» **Task instructions**
Whatever pictures appear, omit them, and repeat the data below exactly.

-- Exercise material follows --

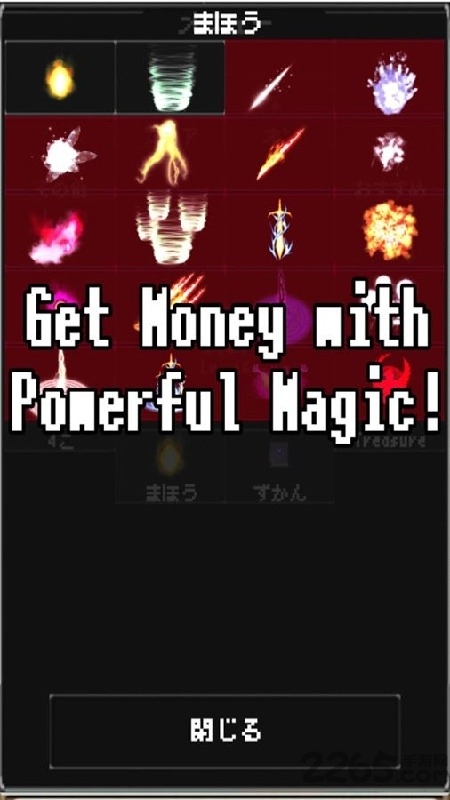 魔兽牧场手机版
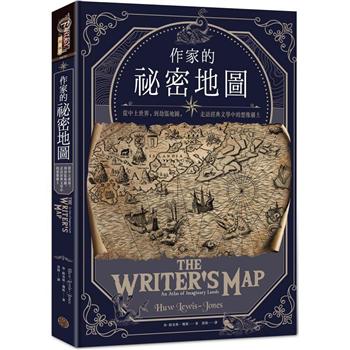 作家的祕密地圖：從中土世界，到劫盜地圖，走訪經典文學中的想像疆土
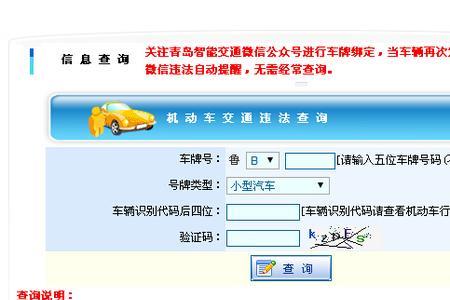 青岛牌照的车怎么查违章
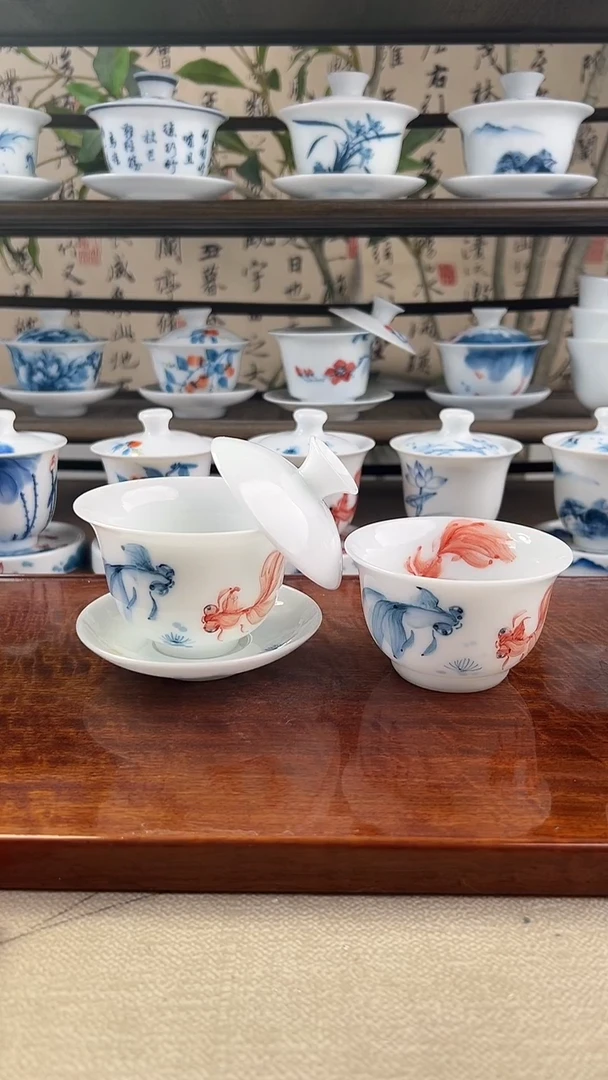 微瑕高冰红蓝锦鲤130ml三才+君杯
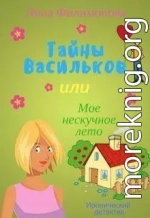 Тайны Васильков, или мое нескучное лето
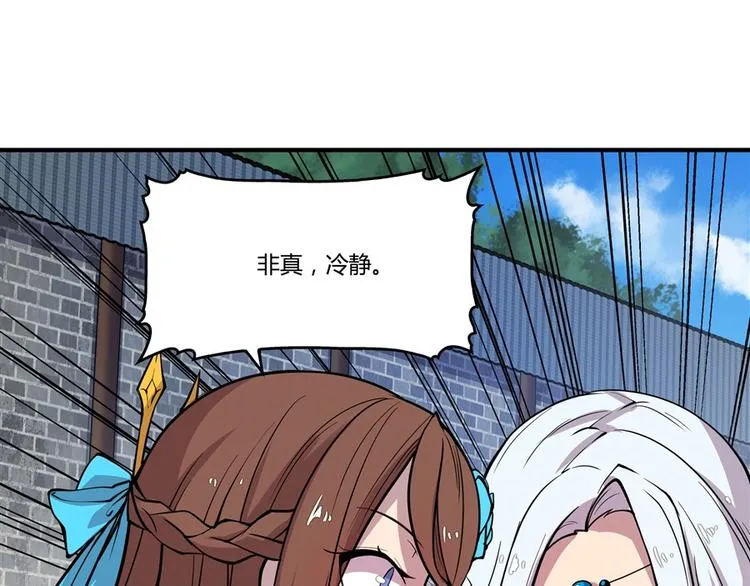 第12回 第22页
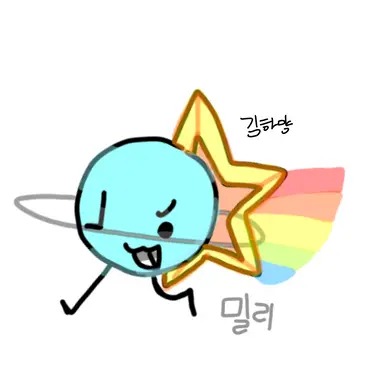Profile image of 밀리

-- Exercise material concluded --

» **Task solution**
 魔兽牧场手机版
 作家的祕密地圖：從中土世界，到劫盜地圖，走訪經典文學中的想像疆土
 青岛牌照的车怎么查违章
 微瑕高冰红蓝锦鲤130ml三才+君杯
 Тайны Васильков, или мое нескучное лето
 第12回 第22页
Profile image of 밀리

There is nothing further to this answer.